▶ WHAT YOU NEED TO DO: From the line containing "Govt committed to" onward, retype each line of the entries below exactly, last line included.

▶ Short text fragments from websites:
####################

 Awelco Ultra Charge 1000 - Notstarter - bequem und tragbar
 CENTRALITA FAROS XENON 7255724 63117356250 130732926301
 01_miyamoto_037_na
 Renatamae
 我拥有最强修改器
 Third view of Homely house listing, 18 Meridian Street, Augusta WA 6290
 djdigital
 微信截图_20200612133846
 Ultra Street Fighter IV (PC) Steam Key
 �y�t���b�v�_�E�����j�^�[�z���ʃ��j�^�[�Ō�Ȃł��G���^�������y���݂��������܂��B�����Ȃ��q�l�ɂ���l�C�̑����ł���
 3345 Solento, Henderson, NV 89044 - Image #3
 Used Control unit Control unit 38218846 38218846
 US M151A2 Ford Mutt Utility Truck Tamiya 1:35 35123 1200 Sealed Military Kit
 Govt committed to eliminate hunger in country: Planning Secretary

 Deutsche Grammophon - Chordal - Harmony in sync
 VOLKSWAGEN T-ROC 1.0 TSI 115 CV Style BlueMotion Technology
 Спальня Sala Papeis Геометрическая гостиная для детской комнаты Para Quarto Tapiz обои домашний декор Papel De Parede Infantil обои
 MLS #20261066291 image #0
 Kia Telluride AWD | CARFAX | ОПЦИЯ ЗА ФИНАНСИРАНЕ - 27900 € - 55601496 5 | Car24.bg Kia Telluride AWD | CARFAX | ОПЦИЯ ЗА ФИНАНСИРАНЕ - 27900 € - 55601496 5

####################

▶ EXERCISE RESPONSE:
 Govt committed to eliminate hunger in country: Planning Secretary

 Deutsche Grammophon - Chordal - Harmony in sync
 VOLKSWAGEN T-ROC 1.0 TSI 115 CV Style BlueMotion Technology
 Спальня Sala Papeis Геометрическая гостиная для детской комнаты Para Quarto Tapiz обои домашний декор Papel De Parede Infantil обои
 MLS #20261066291 image #0
 Kia Telluride AWD | CARFAX | ОПЦИЯ ЗА ФИНАНСИРАНЕ - 27900 € - 55601496 5 | Car24.bg Kia Telluride AWD | CARFAX | ОПЦИЯ ЗА ФИНАНСИРАНЕ - 27900 € - 55601496 5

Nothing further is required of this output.